China has a marked continental monsoonal climate characterized by great variety. Northerly winds prevail in winter, while southerly winds reign in summer. The four seasons are quite distinct. The rainy season coincides with the hot season. From September to April the following year, the dry and cold winter monsoons from Siberia and Mongolia in the north gradually become weak as they reach the southern part of the country, resulting in cold and dry winters and great differences in temperature. The summer monsoons last from April to September.
There are three major hierarchies in China: the Chinese Communist Party (CCP), the government and the military. The supreme decision-making body in China is the CCP Politburo and its 9-member Standing Committee, which acts as a kind of 'inner cabinet', and is headed by the General Secretary of the Chinese Communist Party. The National People's Congress (NPC) is China's legislative body. It has a five-year membership and meets once a year in plenary session. However, in practice it is the CCP who takes all key decisions.
China has been one of the world's economic success stories since reforms began in 1978 and has recently overtaken Italy to become the sixth largest economy in the world (in purchasing power parity terms, China is the world's second biggest economy). Official figures show that GDP grew on average by well over 10% per annum until the mid-90s and currently stands at around 7-8% a year.
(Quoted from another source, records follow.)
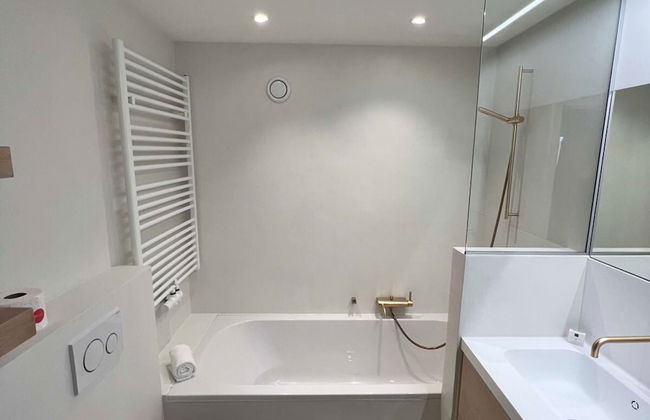 Luxuriuous Family Apartment With Beach View - Foto 8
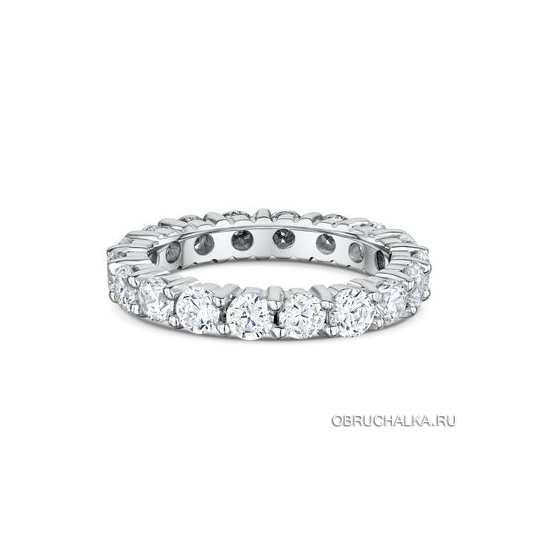 Обручальные кольца с бриллиантами Dora 324A02-G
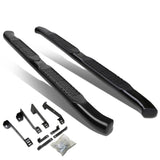 02-09 Dodge Ram 4" Oval Nerf Bars - Black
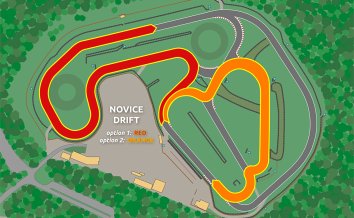 Three Sisters Novice Drift Circuit Three Sisters Novice Drift Circuit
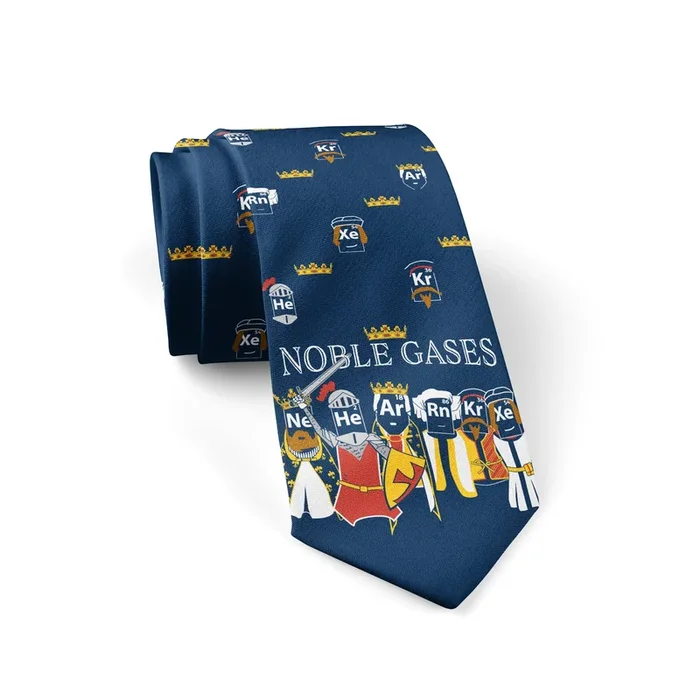 Noble Gases Tie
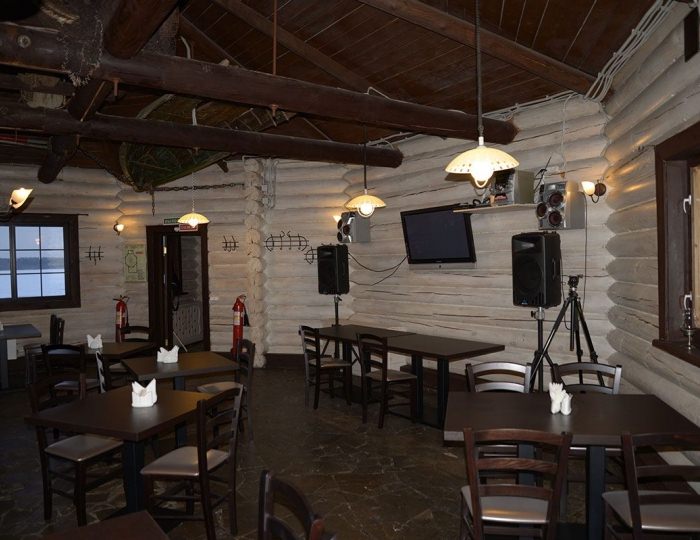 Банкетный зал «ИZБА» - Отель «Яхт-клуб Новый берег»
A growing share of China's economic growth has been generated in the private sector as the government has opened up industries to domestic and foreign competition, though the role of the state in ownership and planning remains extensive. China is the world's 6th largest trading nation. Its exports and imports of goods were valued at $ 326bn and $295bn respectively in 2002.
China's economic and social development challenges remain huge. These include reforming state-owned industries, overhauling the financial sector and raising the incomes of China's rural population. China's leaders have launched a campaign to develop China's western regions in an effort to slow down the widening income gap between China's more developed eastern and coastal areas and the interior. China's entry into the World Trade Organisation in December 2001 is further integrating China into the global economy.
Source: Foreign & Common Wealth Office UK
Chinese Business Culture
Avoid comparing Chinese events with parallel foreign ones
At times, during business meetings, comparisons with the West may occur automatically, but don't verbalize everything. It can be annoying to Chinese managers and can appear unappreciative. Don't make the West the standard for everything. When you're in China, be there.
Don't overly praise Western values and lifestyles
This is just arrogance run wild. Hold back your inflated sense of cultural superiority, which is often unfounded. Such a faux pas would destroy the possibility of doing business in China.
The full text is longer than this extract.